»»

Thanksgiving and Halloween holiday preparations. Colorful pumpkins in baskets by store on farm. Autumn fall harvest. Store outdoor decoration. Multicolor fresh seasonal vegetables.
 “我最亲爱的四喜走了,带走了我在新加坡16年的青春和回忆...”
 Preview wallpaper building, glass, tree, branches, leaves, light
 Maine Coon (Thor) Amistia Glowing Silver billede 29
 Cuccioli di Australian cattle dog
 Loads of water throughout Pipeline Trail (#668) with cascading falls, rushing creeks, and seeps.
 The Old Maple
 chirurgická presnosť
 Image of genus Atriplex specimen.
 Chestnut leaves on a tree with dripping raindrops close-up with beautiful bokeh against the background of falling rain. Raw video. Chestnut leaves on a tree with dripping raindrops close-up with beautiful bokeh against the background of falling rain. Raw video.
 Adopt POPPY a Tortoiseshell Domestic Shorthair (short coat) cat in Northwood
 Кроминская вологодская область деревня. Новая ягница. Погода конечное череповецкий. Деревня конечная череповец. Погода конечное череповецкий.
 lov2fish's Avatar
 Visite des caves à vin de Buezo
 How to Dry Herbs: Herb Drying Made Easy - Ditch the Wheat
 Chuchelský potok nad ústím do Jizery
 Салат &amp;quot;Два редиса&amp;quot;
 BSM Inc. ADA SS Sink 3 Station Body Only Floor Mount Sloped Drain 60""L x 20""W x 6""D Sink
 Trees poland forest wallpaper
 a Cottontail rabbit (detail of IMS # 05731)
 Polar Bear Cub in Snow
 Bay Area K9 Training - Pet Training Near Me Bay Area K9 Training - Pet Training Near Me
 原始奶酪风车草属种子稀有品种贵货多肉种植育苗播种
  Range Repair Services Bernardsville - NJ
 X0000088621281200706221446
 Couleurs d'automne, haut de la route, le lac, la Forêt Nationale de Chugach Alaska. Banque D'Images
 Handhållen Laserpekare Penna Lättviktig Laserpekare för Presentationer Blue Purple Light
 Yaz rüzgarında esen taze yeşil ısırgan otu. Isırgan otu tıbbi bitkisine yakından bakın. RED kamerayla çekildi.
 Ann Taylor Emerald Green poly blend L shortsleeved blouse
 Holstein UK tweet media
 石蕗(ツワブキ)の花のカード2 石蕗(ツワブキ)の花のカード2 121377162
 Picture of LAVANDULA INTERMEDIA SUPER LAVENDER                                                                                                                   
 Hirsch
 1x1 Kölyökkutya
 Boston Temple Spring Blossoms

««

◆ Description of the task
Wherever the word "wallpaper" appears in the listing above, copy the whole line.

◆ Response to the exercise
 Preview wallpaper building, glass, tree, branches, leaves, light
 Trees poland forest wallpaper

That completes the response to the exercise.